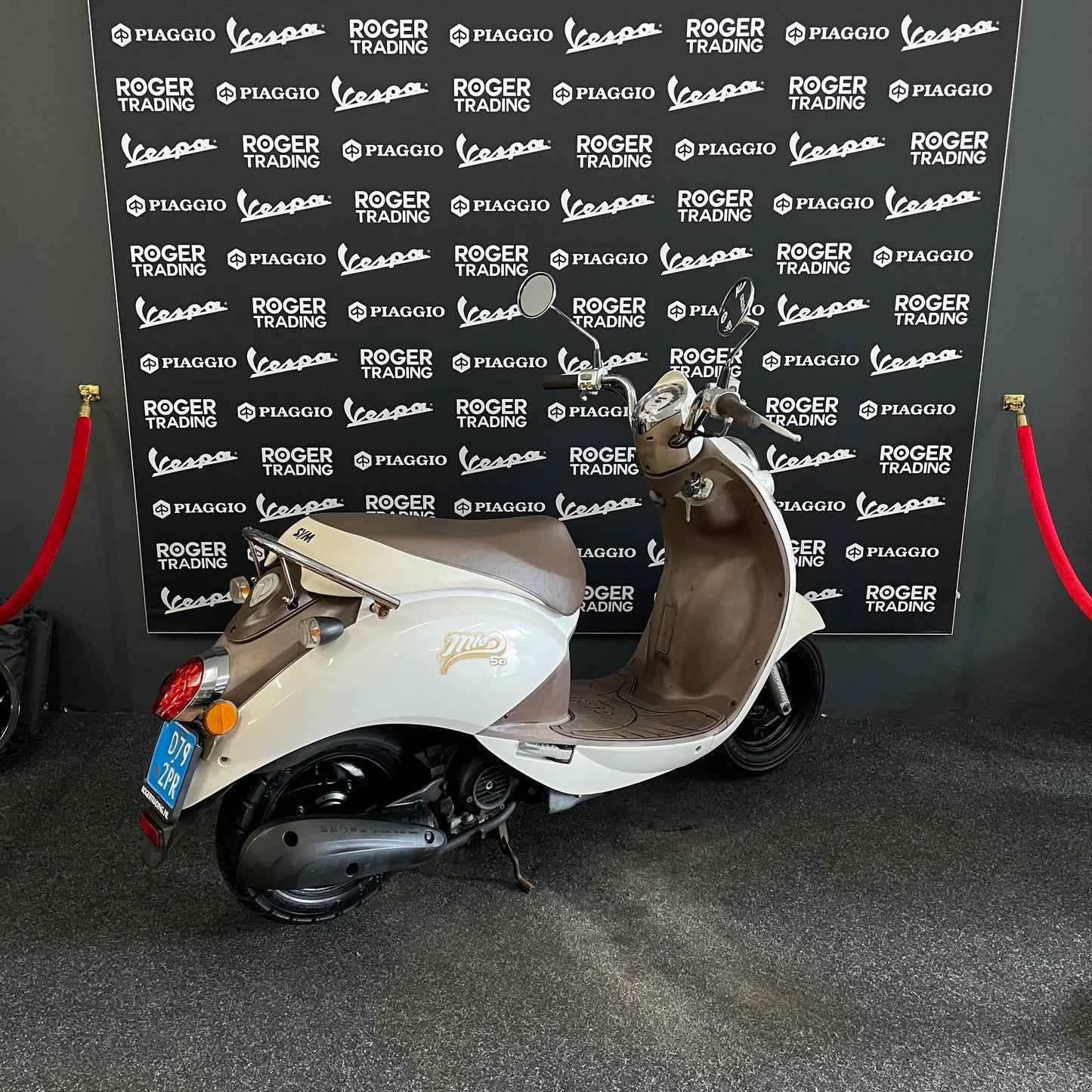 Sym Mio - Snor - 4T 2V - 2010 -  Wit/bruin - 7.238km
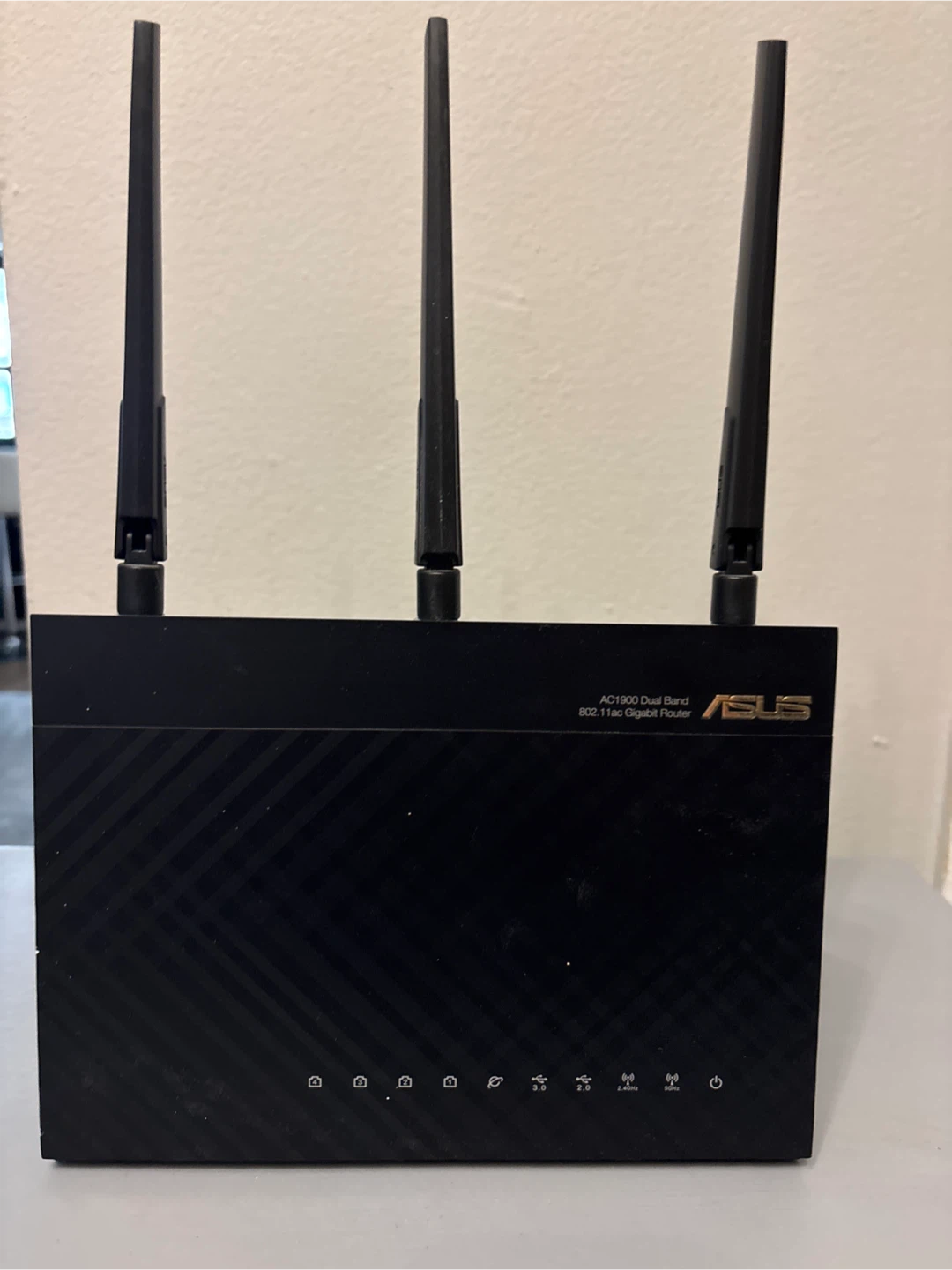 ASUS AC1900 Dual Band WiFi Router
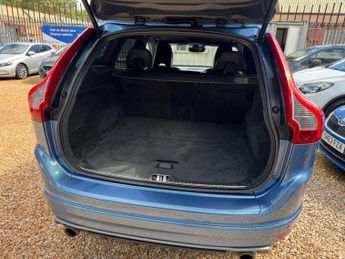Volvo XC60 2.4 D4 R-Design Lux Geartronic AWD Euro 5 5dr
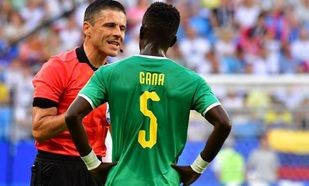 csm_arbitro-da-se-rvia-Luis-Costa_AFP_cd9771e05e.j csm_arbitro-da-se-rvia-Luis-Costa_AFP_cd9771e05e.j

--

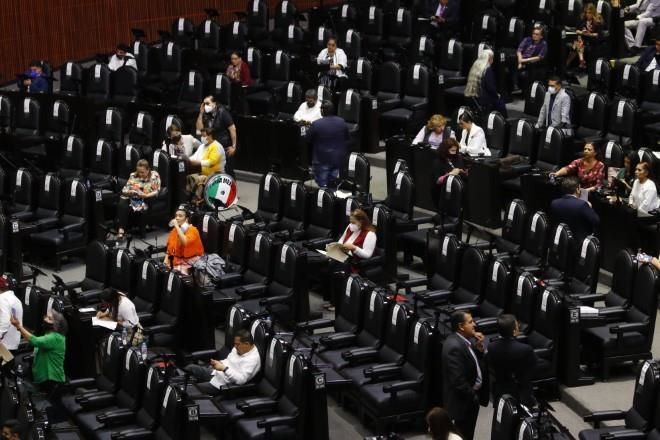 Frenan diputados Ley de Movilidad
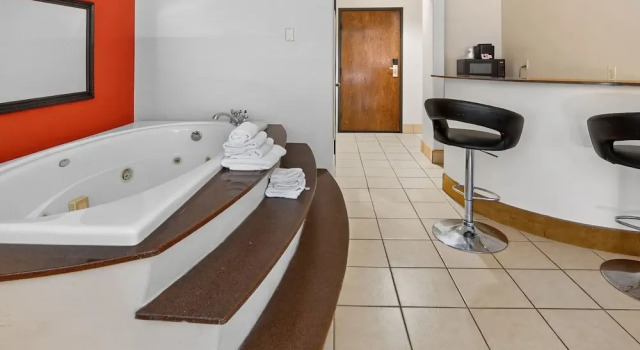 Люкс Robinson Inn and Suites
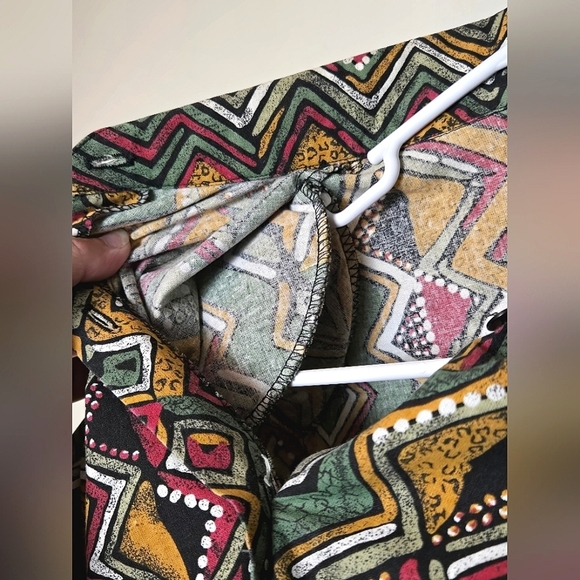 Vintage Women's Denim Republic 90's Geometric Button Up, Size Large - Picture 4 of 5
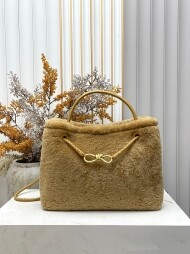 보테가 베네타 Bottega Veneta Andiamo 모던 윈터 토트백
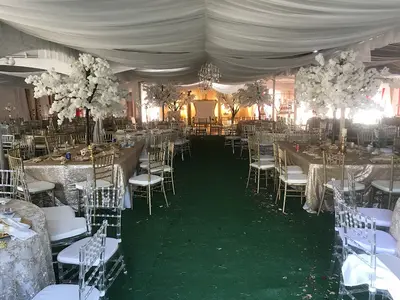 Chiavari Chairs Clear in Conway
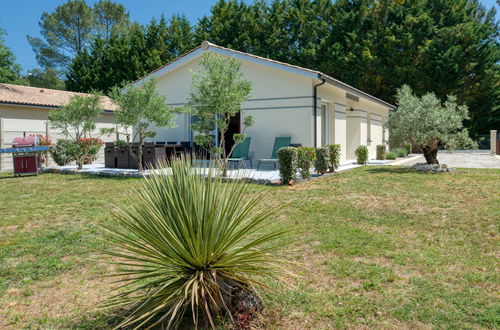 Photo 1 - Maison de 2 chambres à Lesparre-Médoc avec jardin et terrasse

• Work item
In the listing above, find the line with "보테가 베네타 Bottega Veneta Andiamo 모던 윈터 토트백" and the line with "Photo 1 - Maison". Copy exactly those two and every line between, without the pictures.

• Exercise output
 보테가 베네타 Bottega Veneta Andiamo 모던 윈터 토트백
 Chiavari Chairs Clear in Conway
 Photo 1 - Maison de 2 chambres à Lesparre-Médoc avec jardin et terrasse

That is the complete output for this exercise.